I guess the effect of laying around the bed, drinking my new brand coffee, yay! *giggles* and being in the dark *has very dark passionate purple curtains*, it turned the artsie switch on X3.

I always write about my problems, and issues that constantly annoy my mere existence or things the depresses me, but I never write about myself, me, as a person, as a individual, about the goals, dreams, about anything silly that might happened along the way. It turns out that, like the song says, "I gave you all" to my family, the truth is that, I've never being trully selfish. I sacrificed every memory of my childhood in the quest to try and fix my family, in the search of trying not going insane, in the quest of being "normal" and yet I have no idea what the word normal applies to.

That quest, that search, it ripped everything I had, and like the song says: "And you rip it from my hands, And you swear it's all gone, And you rip out all I have, Just to say that you've won." Actually, that quest, won for a lot of time, even the last day of the year, it totally defeated me. I cried my heart out and force out of myself a mediocre happiness.

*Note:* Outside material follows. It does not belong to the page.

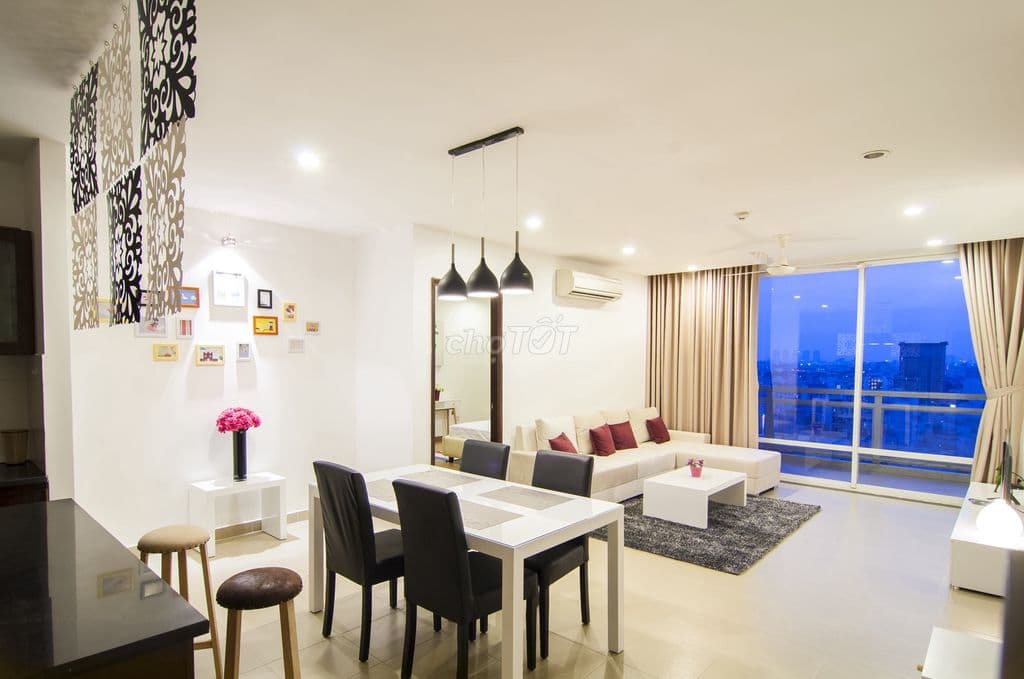 Bán căn hộ chung cư Khải Hoàn, Q11, 105m2, 2PN, căn góc 4.85 tỷ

I refuse, blindly to content with mediocresy! Why on earth should I?! So, yeah and again I quote the song: "If only I had an enemy bigger than my apathy' I could have won." So, its a new year, let it be another type of story. Another type of book. Another once upon time tale, with a "they live happily ever after"; not that happily ever after really exists, but its a start.

I gave all of me, all my integrity, my joy, my friends, my thoughts, my time, my sleep, even me. So, sorry family, I gave you all, and you ripped everything, all what I had. I mean no harm, but its time to let go, I shall not content with the least, I want more, actually definitely I need more.

Yes, pain formed me, but let it be joy mold me.